→ Records shown
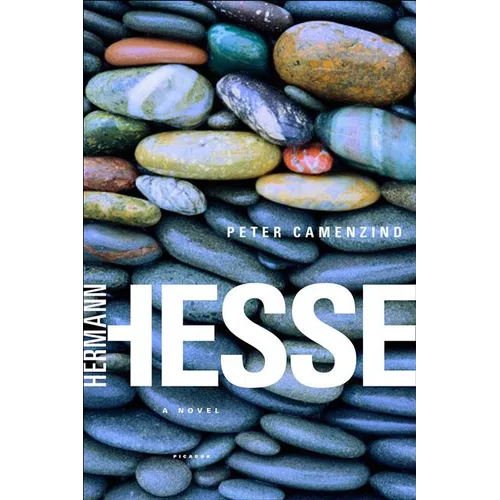 Peter Camenzind - Paperback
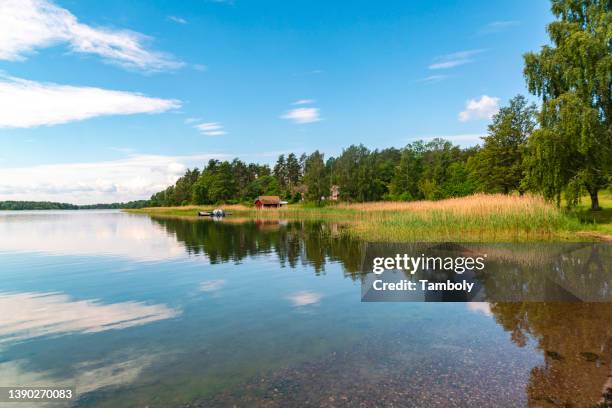 sweden, loftahammar, grassy coastline - kalmar bildbanksfoton och bilder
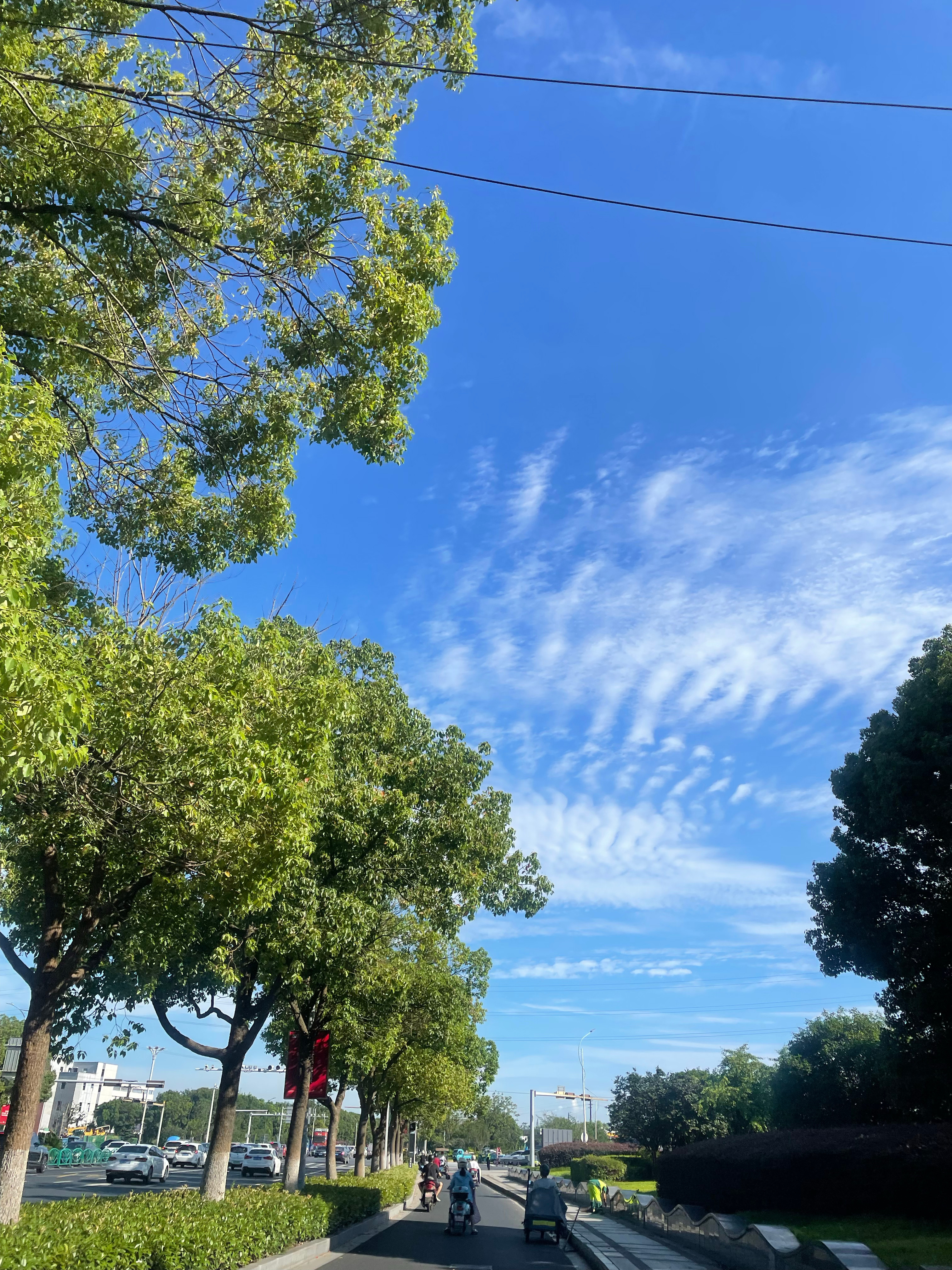 天气预报37度☀️实际不止 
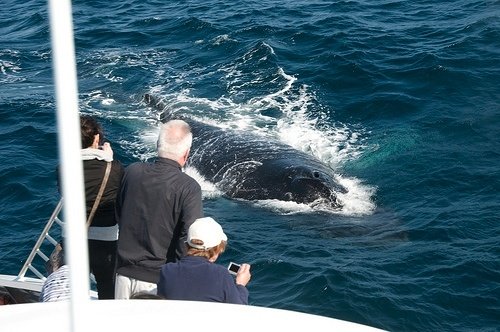Whale Watching in Washington State: a must-do on your visit to the coast
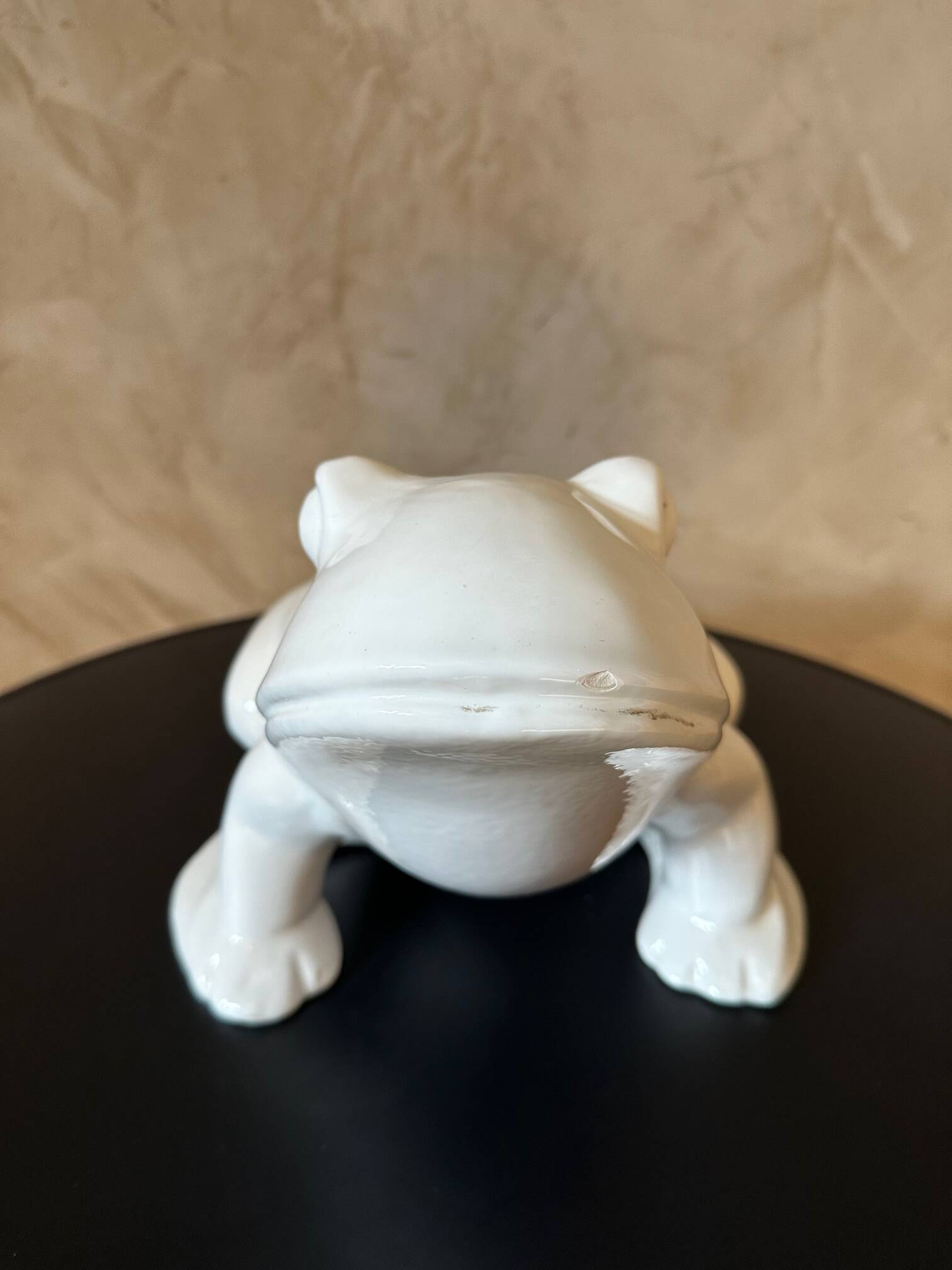 Frog plant pot
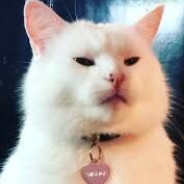 Big Avatar
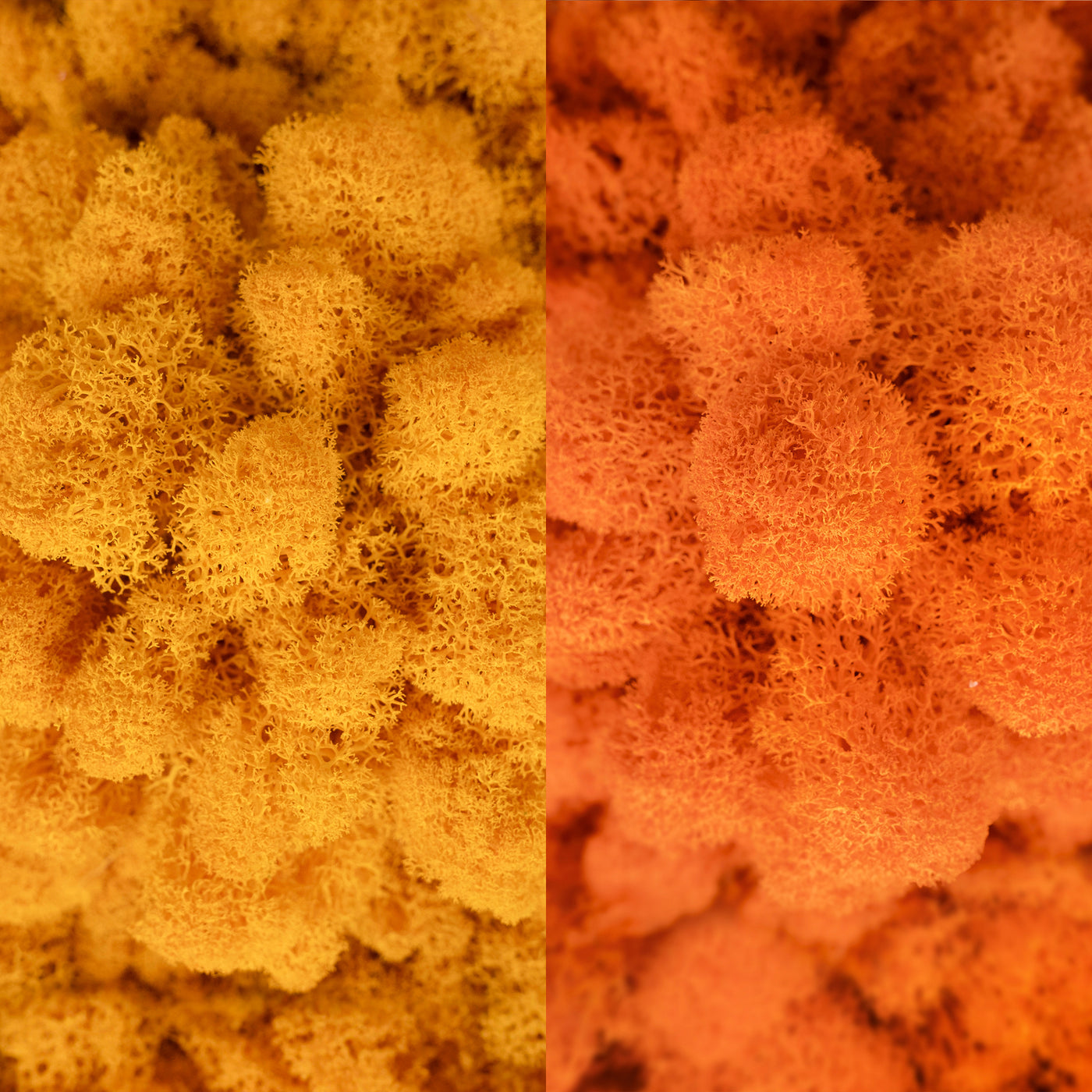 Licheni curatati si fara radacina in 2 culori 500g NET, calitate ULTRA PREMIUM, galben intens RR08 cu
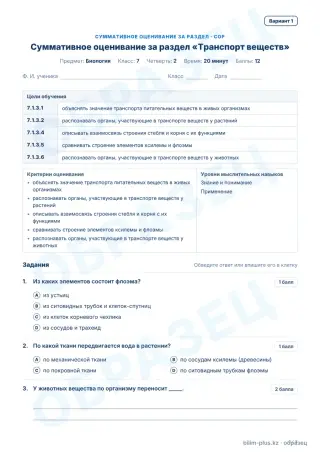 Образец · СОР · вариант 1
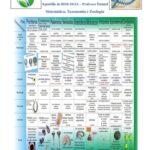 خرید و دانلود نسخه کامل کتاب Apostila de Biologia-Sistemática Taxonomia e Zoologia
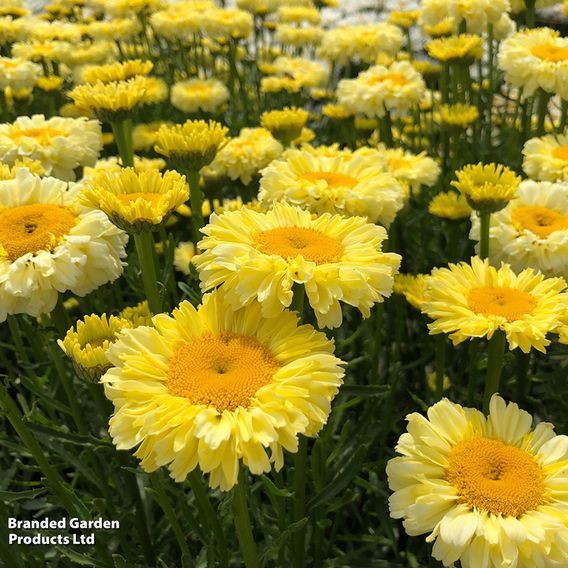 Leucanthemum 'Real Gold Cup'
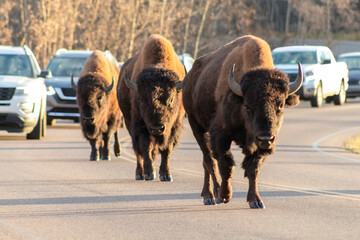 bison walking up middle of busy road causing traffic back up of many cars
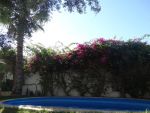Villa relax réf:hammamet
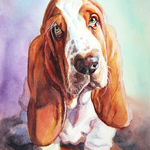 Kim Stenberg - Pet Portraits in Watercolor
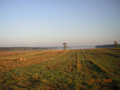 kliknij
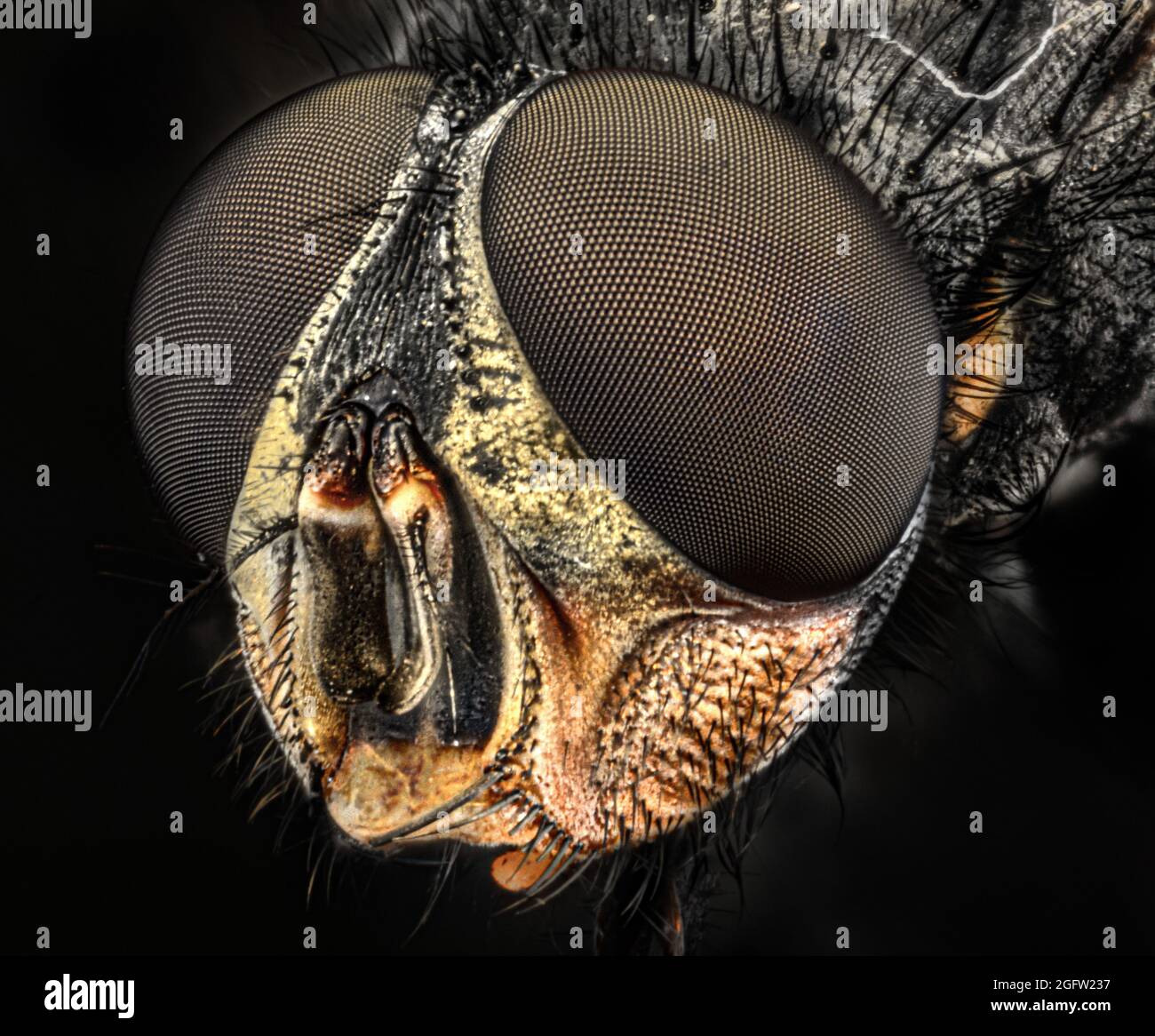Bug head details Stock Photo - Alamy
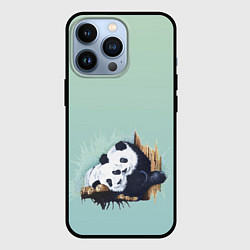Чехол iPhone 13 Pro Акварельные панды
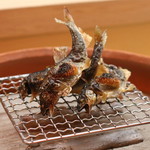 松川 - 和歌山の子持鮎　(2014/11)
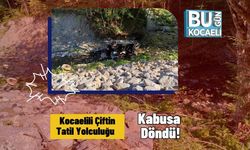 Kocaelili Çiftin Tatil Yolculuğu Kabusa Döndü!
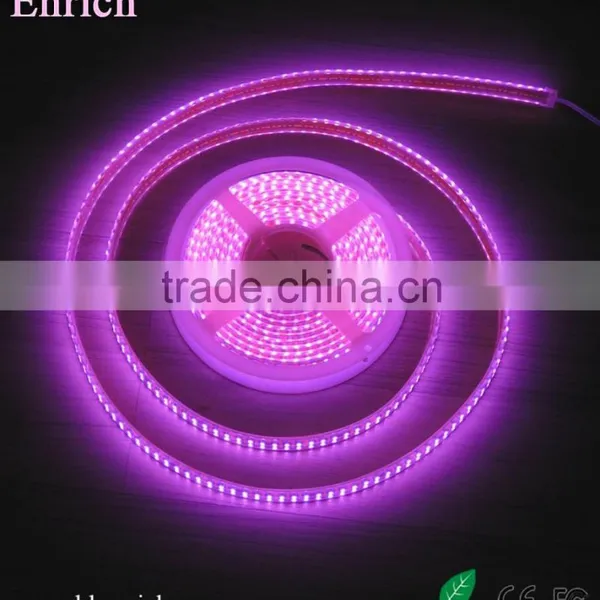 Pink Color Led Strip Light Double Line Leds 120pcs photo-2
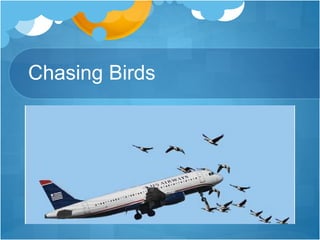Chasing Birds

→ Problem details
Excerpt from the records above: set down only the lines from the one that contains "bison walking up" through the one that contains "松川 - 和歌山の子持鮎　(2014/11)", inclusive, word for word. Pictures stay out.

→ Written answer
 bison walking up middle of busy road causing traffic back up of many cars
Villa relax réf:hammamet
 Kim Stenberg - Pet Portraits in Watercolor
 kliknij
Bug head details Stock Photo - Alamy
Чехол iPhone 13 Pro Акварельные панды
 松川 - 和歌山の子持鮎　(2014/11)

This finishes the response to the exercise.